Abstract
Alzheimer’s disease (AD) is a progressive neurodegenerative disorder. The hallmark pathological features of AD are intraneuronal aggregates of hyper-phosphorylated tau protein and extracellular plaques of amyloid-beta (Aβ) protein. Aggregated forms of Aβ, such as oligomers and protofibrils, induce a wide array of neuro- and synapto-toxic effects upon neurons and glial cells. In contrast, rodent models have shown that secreted amyloid precursor protein-alpha (sAPPα), which is generated from the parent protein that gives rise to Aβ, protects neurons against Aβ-induced neurotoxicity, induces neurogenesis, and enhances synaptic plasticity mechanisms including altered protein synthesis. This suggests that sAPPα may have disease-modifying potential, however, to date, investigation of sAPPα’s effects in other neural cell types, such as astrocytes, and in neural cells of human origin, has been extremely limited.
Therefore, the overarching hypothesis of this thesis is that the previously observed effects of sAPPα would extend to astrocytes and be observed in human neurons. Accordingly, I used primary murine cultures highly enriched in astrocytes to explore whether sAPPα (1 nM) could exert neuroprotective actions upon astrocytes by enhancing their ingestion of Aβ protofibrils (AβPFs). Immunocytochemical detection of AβPFs using the Aβ-specific antibody 4G8 revealed that administration of sAPPα significantly reduced the area and number, but not the integrated density, of AβPF deposits within astrocyte cultures following a 24 h AβPF insult.
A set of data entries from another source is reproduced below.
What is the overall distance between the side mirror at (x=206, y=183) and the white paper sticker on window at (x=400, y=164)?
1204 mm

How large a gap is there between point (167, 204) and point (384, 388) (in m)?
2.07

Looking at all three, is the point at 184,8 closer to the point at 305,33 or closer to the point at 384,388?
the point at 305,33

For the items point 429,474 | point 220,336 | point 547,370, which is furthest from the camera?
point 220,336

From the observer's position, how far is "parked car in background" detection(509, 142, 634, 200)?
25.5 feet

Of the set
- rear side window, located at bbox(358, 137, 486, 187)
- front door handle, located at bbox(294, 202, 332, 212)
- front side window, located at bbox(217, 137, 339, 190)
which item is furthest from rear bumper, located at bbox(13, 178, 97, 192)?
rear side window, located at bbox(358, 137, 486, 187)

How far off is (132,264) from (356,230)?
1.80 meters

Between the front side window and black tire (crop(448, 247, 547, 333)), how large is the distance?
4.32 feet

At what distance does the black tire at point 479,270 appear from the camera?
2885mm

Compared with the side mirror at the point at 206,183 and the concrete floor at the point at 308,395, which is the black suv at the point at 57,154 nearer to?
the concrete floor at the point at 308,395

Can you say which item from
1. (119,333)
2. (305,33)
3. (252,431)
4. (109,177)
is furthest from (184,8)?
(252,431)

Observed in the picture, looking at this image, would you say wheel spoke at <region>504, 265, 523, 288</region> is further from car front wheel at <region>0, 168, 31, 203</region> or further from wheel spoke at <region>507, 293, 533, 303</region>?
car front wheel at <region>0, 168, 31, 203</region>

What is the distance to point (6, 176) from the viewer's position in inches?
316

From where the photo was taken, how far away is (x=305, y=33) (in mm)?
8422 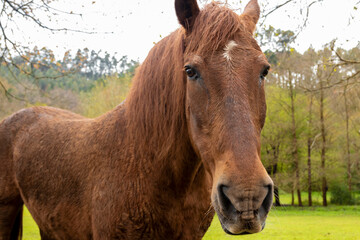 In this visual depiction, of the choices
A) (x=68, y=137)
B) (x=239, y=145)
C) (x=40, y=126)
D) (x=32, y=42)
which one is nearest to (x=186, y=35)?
(x=239, y=145)

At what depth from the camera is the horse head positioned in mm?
1717

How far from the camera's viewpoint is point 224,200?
69.8 inches

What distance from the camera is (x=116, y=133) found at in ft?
9.56

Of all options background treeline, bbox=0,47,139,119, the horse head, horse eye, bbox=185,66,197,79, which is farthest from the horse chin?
background treeline, bbox=0,47,139,119

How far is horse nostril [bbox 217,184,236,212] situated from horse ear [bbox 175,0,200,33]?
1.21m

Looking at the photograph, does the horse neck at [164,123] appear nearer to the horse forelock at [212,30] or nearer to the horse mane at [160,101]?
the horse mane at [160,101]

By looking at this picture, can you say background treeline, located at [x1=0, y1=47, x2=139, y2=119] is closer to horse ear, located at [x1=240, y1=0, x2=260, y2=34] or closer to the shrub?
horse ear, located at [x1=240, y1=0, x2=260, y2=34]

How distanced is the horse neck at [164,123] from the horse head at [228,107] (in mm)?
145

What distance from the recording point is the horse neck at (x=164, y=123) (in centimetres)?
246

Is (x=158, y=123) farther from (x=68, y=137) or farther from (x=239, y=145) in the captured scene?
(x=68, y=137)

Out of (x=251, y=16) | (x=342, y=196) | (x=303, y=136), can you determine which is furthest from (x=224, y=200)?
(x=342, y=196)

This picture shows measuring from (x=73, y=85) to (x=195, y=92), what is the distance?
6991cm

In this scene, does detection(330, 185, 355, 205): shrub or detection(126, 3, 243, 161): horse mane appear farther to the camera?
detection(330, 185, 355, 205): shrub

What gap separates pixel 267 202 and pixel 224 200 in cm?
23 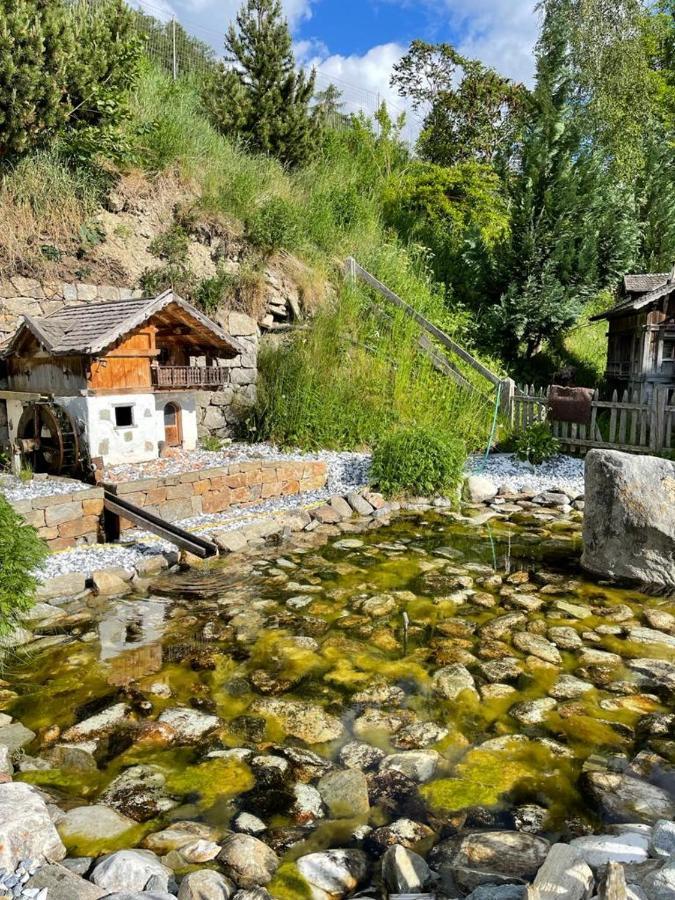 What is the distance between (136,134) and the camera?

These findings suggest that either the sAPPα-treated astrocytes internalised less AβPF than astrocytes that were not exposed to sAPPα or, alternatively, that sAPPα administration altered astrocytic processing of ingested AβPFs, causing a similar amount of ingested material to be packaged more compactly inside the cell. The additional experiments required to tease apart these two possibilities are proposed.
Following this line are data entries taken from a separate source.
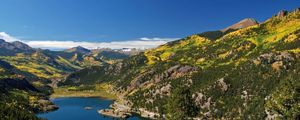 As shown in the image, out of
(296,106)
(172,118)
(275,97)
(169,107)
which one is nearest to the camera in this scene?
(296,106)

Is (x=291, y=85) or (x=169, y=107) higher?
(x=291, y=85)

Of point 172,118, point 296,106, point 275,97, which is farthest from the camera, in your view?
point 172,118

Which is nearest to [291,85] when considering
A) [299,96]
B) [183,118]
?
[299,96]

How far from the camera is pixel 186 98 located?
145375mm

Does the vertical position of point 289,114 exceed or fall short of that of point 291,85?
it falls short

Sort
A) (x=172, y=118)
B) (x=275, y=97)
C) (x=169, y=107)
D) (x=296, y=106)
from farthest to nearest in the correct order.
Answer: (x=169, y=107), (x=172, y=118), (x=275, y=97), (x=296, y=106)

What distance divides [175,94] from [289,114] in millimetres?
53630

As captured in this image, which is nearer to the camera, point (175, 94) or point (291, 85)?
point (291, 85)

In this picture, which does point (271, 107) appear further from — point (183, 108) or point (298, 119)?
point (183, 108)

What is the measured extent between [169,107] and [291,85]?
52800 millimetres

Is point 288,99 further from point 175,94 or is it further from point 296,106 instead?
point 175,94

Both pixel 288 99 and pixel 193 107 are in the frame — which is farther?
pixel 193 107

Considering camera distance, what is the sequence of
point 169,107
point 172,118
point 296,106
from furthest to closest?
point 169,107 → point 172,118 → point 296,106

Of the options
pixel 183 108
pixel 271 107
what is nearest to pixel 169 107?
pixel 183 108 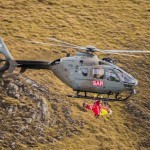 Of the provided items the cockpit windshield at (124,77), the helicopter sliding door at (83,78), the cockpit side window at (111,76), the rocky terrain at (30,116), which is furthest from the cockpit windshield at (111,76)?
the rocky terrain at (30,116)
As microRNA (miRNA) are important regulators of protein synthesis, I next assessed whether sAPPα and/or AβPFs altered the miRNA cargo of astrocyte-derived extracellular vesicles (ADEVs), using highly sensitive TaqMan Advanced miRNA arrays representing a panel of 168 neurodegeneration-associated miRNAs. Notably, exposure of primary murine astrocytes to AβPFs significantly upregulated the expression of let-7c-5p, miR-29a-3p and miR-34a-5p, while sAPPα enhanced the level of miR-99b-5p and concurrent exposure of astrocytes to sAPPα and AβPF led to increased expression of miR-181d-5p within ADEVs. Importantly, bioinformatic analysis of biological pathways likely targeted by these differentially expressed miRNAs revealed that AβPF-instigated changes were associated with pathways previously linked to AD. In contrast, the upregulation of ADEV-associated miR-99b-5p following sAPPα treatment is likely to promote neuroprotective outcomes in ADEV-ingesting neurons.
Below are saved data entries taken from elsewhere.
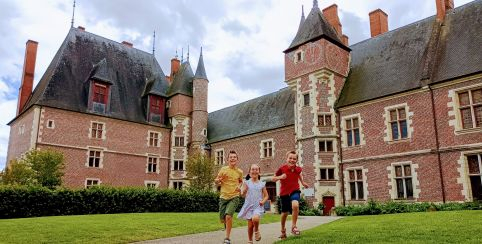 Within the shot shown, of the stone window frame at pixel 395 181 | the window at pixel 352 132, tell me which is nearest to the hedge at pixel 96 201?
the window at pixel 352 132

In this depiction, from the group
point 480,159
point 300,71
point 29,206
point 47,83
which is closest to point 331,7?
point 300,71

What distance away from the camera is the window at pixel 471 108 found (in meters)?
16.9

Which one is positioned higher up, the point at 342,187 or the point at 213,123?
the point at 213,123

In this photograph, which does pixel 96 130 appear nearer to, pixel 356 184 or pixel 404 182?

As sAPPα robustly upregulates protein synthesis in rodent hippocampal neurons, using the fluorescent non-canonical amino acid tagging with proximity ligation assay (FUNCAT-PLA), I investigated its effects on primary rodent hippocampal astrocytes, finding that sAPPα (1 nM; 2 h) significantly promoted de novo protein synthesis in a manner comparable to the neurotrophin brain-derived neurotrophic factor. Surprisingly, however, in induced glutamatergic neuron-like cells derived from directly reprogrammed adult human dermal fibroblasts, increasing concentrations of sAPPα (1, 10 and 20 nM for 30 min) significantly reduced de novo protein synthesis as detected by the surface sensing of translation (SUnSET) puromycin incorporation assay.
In summary, these results provide evidence that sAPPα exerts neuroprotective and protein synthesis-enhancing effects upon rodent astrocytes, but suggest that further investigation is required to establish the actions and most beneficial concentration of sAPPα in a human cell culture model.